Search Engine Indexing For Deep Web Pages

Google, MSN and Yahoo! are the most used search engines, so being found by them is really important for all web pages. However, there are a growing number of pages that can’t be indexed by search engines and stay invisible to other surfers, despite the fact that they contain a lot of relevant content.

This “invisible” part of the Web is actually a large percentage of the total number of pages on the Internet. In fact, one could consider the World Wide Web to be like a gigantic iceberg whose emerged surface is the only part that can be seen.

The challenge for webmasters is to help search engines index all the pages in a website.

Why Some Content Does Not Get Indexed By Search Engines

There can be many reasons behind this:

Websites that are too bulky to be completely indexed: Some websites have millions of pages but just a small percentage are indexed by search engines because of the depth of the site.
Pages are protected by the webmaster: Files like “robots.text” and robots “noindex” or “nocache” meta tags in the HTML code of a web page can prevent search engines accessing the content.
Pages with dynamic content: Pages that are the result of a submitted query and consequently do not have a static URL can be impossible for search engines to find, since the spiders cannot replicate the query submission carried out by human beings.
Password protected pages: Many websites limit access to some pages of the websites or require a password. Pages that can only be accessed after entering a password cannot be reached by search engine spiders.
Isolated / floating pages: Generally search engines follow links to the index page on a site and then crawl from there to other pages by following links. Search engine spiders will therefore have more difficulties seeing a page that is not linked to from any other page.
Pages with only JavaScript or Flash-based content cannot be easily indexed.

Making Invisible Content Visible

A good site search facility is perhaps the best tool a webmaster can use to help users find content on a site. There are many way to get all the website content indexed by search engines. The most important is to put links to invisible pages on pages that are already indexed.

Thinking of the database structure is important.

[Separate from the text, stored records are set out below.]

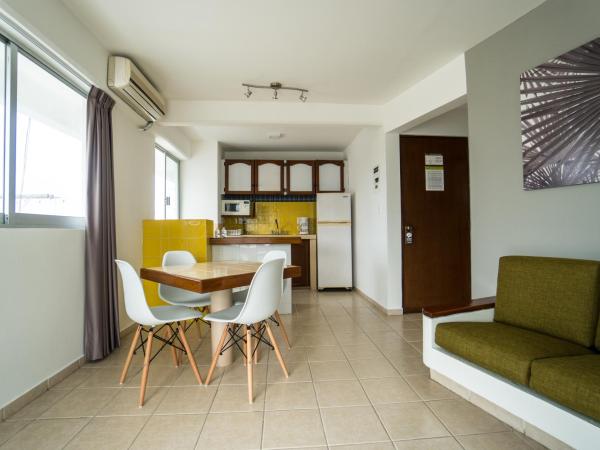 Hotel Suites Regina : photo 1 de la chambre suite exécutive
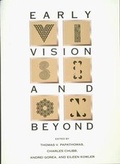 Cover: Early Vision and Beyond - MIT Press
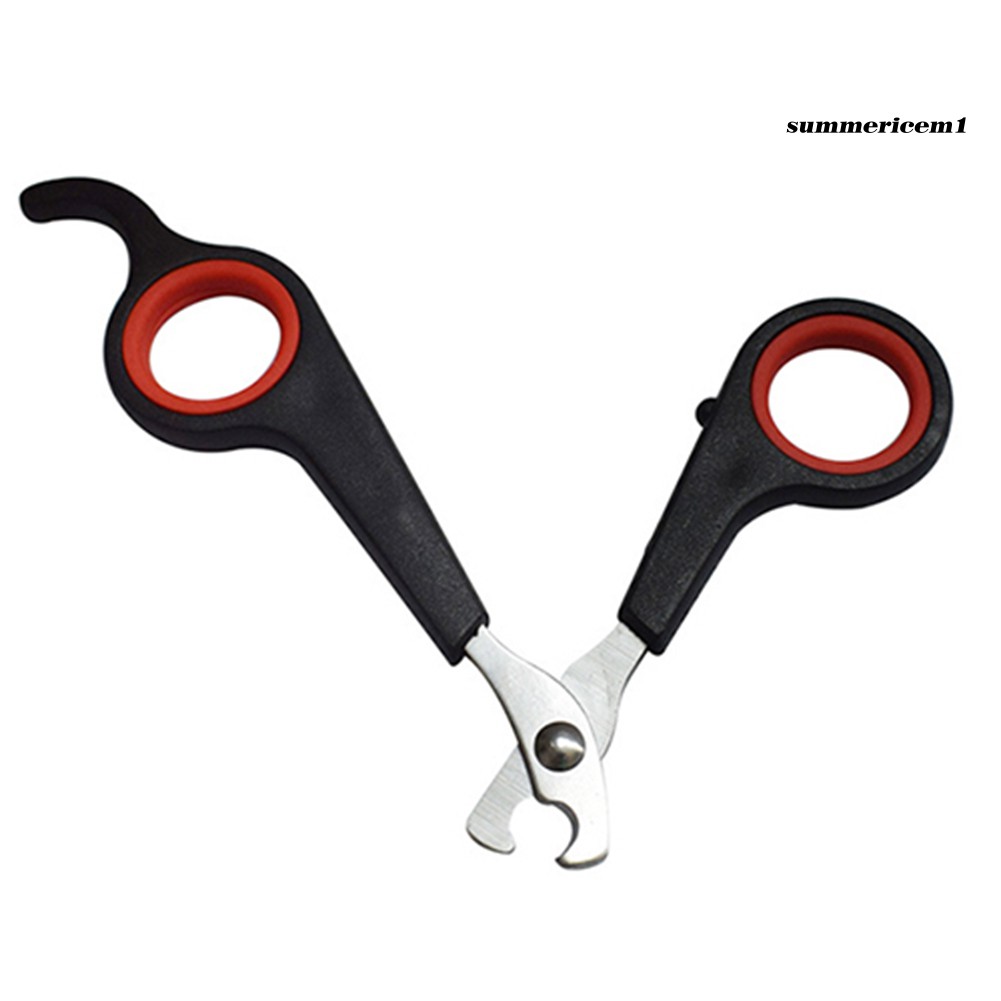 Kéo Cắt Tỉa Lông Thú Cưng Tiện Dụng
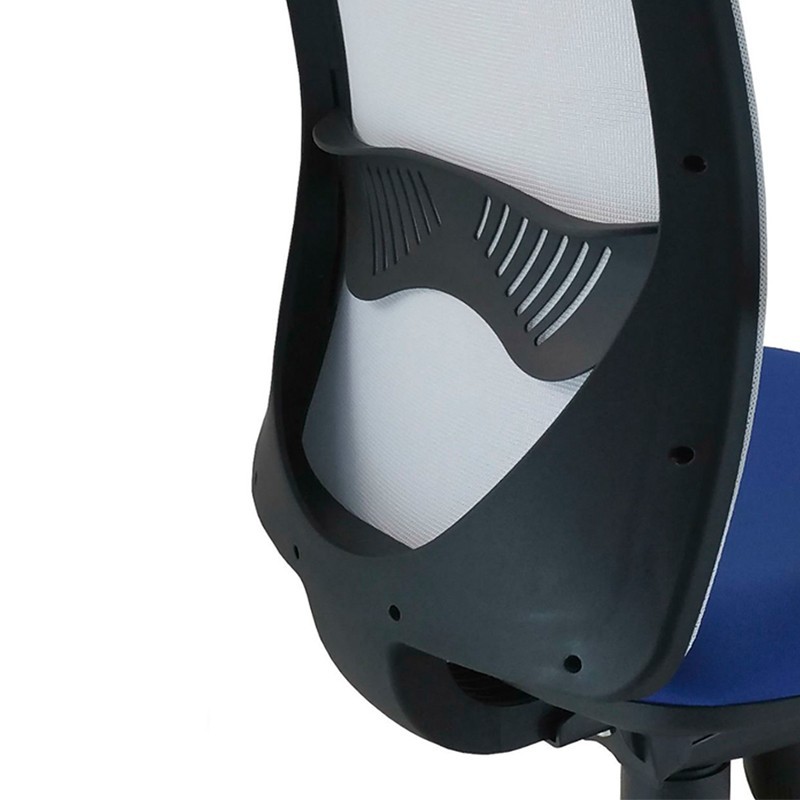 Silla Oficina Giratoria Key de Kunna - Montiel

Many databases are visible but contain links to deeper pages. Providing users access to the database content, typically in the form of an online catalogue, is a great idea. Users can then conduct “manual” searches to find specific information or products.

Archives often contain many pages that are not usually indexed by search engines.

Specialized search engines, directories or portal such as Google Scholar, Complete Planet, Google Book Search, Pipl, Infomine etc can be used to get content indexed on many search databases that the traditional search engines would ignore.

Other practical tips that can increase the number of pages indexed are:

Creating a comprehensive HTML sitemap with links to main pages or sections, which will in turn link to other pages.
Coding the entire site in HTML and converting formats like pdf, word, excel. Where that is not possible (e.g. in videos, music etc), transcribing the information as supplementary text, so that search engines will be able to know what the content is and index / rank it at the place it deserves.
Obtaining deep links from other relevant websites to the invisible pages.
Bookmarking the deep / invisible pages on social bookmarking sites like del.icio.us, Google Bookmarks and Yahoo! MyWeb.